The Stephenson County sheriff reported that multiple security systems at county facilities require updates and repairs, and said the county will seek to address failures in stages rather than fund an immediate full replacement.
The sheriff told commissioners the courthouse employee access-card system is at the end of its useful life and that adding new control boxes would cost about $37,000. He said the courthouse, the jail and the PSP security camera system need a software update estimated at $35,000.
The most significant problem is the jail's electronic locking system. The sheriff said the locks failed after vendor updates and that the county still maintains physical keys, but electronic doors would not open. He said a full replacement of the jail locking hardware would cost roughly $750,000. "We're not doing that," the sheriff said, adding the county plans a phased approach: "I can piecemeal this together, and I've got the quote here from the company.
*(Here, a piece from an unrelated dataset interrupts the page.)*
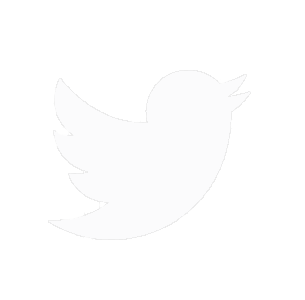 Image with missing alt attribute found on webhost1.ru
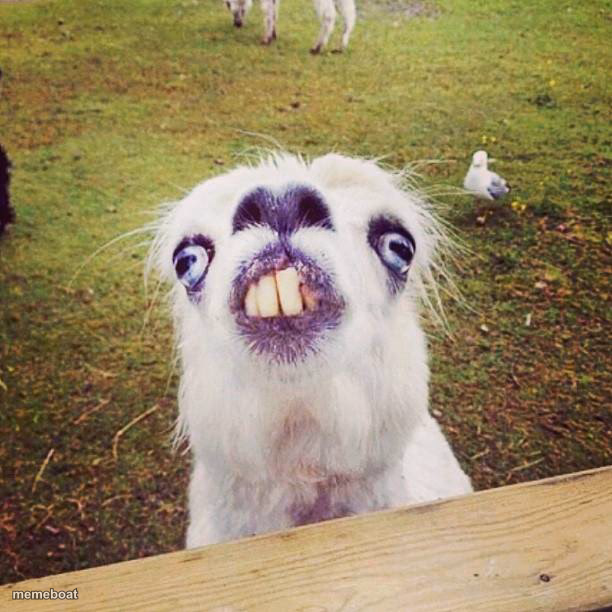 irony llama - meme generator image preview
I don't wanna strip everything out then. We're gonna get into that huge amount."
The sheriff described the equipment as proprietary and controlled by the vendor, and reported a multi-phase estimate the transcript records as "approximately 368500 hours," a figure that appears to be garbled in the meeting record. He said he will work with the vendor to make targeted repairs and upgrades as components fail and will absorb some costs from jail-dedicated funds. "I'm not asking for any money at this time at all," he said.
Commissioners did not vote on funding during the meeting. The sheriff said he will return with updates as specific repairs are scheduled or needed.
Background: the sheriff also updated the commission on personnel: a four-day academy is halfway complete and interviews are scheduled Nov. 17 to fill two positions, one at the jail and one in patrol.